Using the entries that follow, write out the line containing "Touch‑Operated Timed Beverage", the line containing "Elegyee Boys Athletic", and every line between them, exactly and nothing else.
-------- Exercise data --------
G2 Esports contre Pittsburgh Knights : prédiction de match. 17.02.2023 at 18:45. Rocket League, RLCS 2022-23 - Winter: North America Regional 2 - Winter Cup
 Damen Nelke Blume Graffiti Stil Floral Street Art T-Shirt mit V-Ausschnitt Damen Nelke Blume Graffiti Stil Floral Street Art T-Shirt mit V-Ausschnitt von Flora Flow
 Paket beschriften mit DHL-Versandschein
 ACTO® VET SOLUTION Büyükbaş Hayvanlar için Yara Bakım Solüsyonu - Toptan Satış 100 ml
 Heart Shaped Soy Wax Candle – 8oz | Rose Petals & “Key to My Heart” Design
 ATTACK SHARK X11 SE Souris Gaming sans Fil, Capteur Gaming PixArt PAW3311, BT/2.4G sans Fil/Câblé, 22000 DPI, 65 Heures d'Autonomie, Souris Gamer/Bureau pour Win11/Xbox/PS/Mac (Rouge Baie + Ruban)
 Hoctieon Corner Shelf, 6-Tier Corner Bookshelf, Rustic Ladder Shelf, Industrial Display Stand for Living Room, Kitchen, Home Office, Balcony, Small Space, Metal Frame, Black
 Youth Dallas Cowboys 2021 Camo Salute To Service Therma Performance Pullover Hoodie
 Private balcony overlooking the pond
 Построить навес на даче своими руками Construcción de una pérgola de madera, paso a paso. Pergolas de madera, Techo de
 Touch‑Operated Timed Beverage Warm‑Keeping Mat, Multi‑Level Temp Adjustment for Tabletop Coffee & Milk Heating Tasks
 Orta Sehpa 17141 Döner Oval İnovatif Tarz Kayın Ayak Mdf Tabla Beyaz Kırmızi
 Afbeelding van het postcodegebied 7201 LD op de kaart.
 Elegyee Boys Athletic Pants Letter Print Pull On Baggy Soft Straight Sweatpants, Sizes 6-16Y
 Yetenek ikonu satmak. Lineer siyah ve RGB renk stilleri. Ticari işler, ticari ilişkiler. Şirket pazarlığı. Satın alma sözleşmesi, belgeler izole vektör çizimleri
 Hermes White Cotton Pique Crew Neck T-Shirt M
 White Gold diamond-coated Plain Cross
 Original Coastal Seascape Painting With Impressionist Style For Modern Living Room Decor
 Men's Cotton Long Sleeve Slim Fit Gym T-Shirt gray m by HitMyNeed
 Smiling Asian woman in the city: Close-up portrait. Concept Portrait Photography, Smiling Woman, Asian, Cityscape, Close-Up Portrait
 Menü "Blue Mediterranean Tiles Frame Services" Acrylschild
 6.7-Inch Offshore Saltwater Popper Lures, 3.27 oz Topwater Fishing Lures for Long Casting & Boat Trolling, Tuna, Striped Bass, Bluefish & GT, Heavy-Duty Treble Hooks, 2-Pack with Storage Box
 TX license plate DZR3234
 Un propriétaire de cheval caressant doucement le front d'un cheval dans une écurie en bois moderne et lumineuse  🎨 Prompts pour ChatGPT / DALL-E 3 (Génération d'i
--------
### Output
 Touch‑Operated Timed Beverage Warm‑Keeping Mat, Multi‑Level Temp Adjustment for Tabletop Coffee & Milk Heating Tasks
 Orta Sehpa 17141 Döner Oval İnovatif Tarz Kayın Ayak Mdf Tabla Beyaz Kırmızi
 Afbeelding van het postcodegebied 7201 LD op de kaart.
 Elegyee Boys Athletic Pants Letter Print Pull On Baggy Soft Straight Sweatpants, Sizes 6-16Y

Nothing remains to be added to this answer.